The petitioners contended before the High Court that none of the alleged offences carried a statutory minimum sentence of seven years, and therefore the case could not fall within the definition of “heinous offence” under Section 2(33) of the Juvenile Justice (Care and Protection of Children) Act, 2015. They argued that the Appellate Court erred in applying Section 15 of the Act, which applies only to heinous offences, and sought remand of the case to the Juvenile Justice Board. Reliance was placed on Shilpa Mittal v.
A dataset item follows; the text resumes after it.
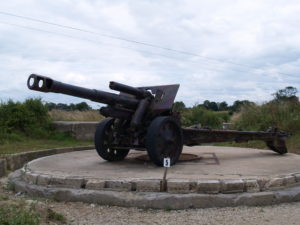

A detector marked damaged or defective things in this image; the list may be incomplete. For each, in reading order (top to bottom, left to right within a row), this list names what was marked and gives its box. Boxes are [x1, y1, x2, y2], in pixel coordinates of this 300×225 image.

rusted metal surface [27, 73, 290, 165]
State of NCT of Delhi (AIR 2020 SC 405).

 

The complainant opposed the petitions and argued that the petitioners attempted to commit rape, and since Section 376 IPC carries a minimum sentence of seven years, the case amounted to a heinous offence. They relied on Barun Chandra Thakur v. Master Bholu (2023) and a 2025 judgment of the Allahabad High Court.

 

The Court observed that the core issue was “whether the alleged offence, for which the petitioners are facing the inquiry, can be treated as ‘heinous offence’, within the purview of Section 2(33) of the Act of 2015?” It recorded that “in none of the above offences, the minimum sentence has been prescribed as 7 years.”

 

The judgment stated that “the sentence can be awarded to an accused, which may extend to 7 years or more, but in the instant case, in none of the offences, the minimum sentence is 7 years.”

 

The Court referred extensively to Shilpa Mittal and recited the Supreme Court’s reasoning, including: “the word ‘minimum’ cannot be treated as surplusage” and “an offence which does not provide a minimum sentence of 7 years cannot be treated to be a heinous offence.”

 

It further noted the Supreme Court’s declaration that “the Act does not deal with the 4th category of offences… [which] shall be treated as ‘serious offences’ within the meaning of the Act and dealt with accordingly till the Parliament takes the call on the matter.”

 

The Court stated that “there is no charge against the petitioners for the offence under Section 376 IPC, where the minimum sentence is 07 years.” It recorded that “the only charge against the petitioners is ‘attempt to commit rape’… and half of the minimum sentence of 07 years… is prescribed for attempt to commit rape.”

 

It further observed that the two judgments cited by the State and complainant “are not applicable in the instant case and the same are not related to the issue involved.”

 

The Court summarised its reasoning by stating: “none of the alleged offences fall within the purview of ‘heinous offence’, as defined under Section 2(33) of the Act of 2015 because of the absence of minimum sentence of seven years or more.”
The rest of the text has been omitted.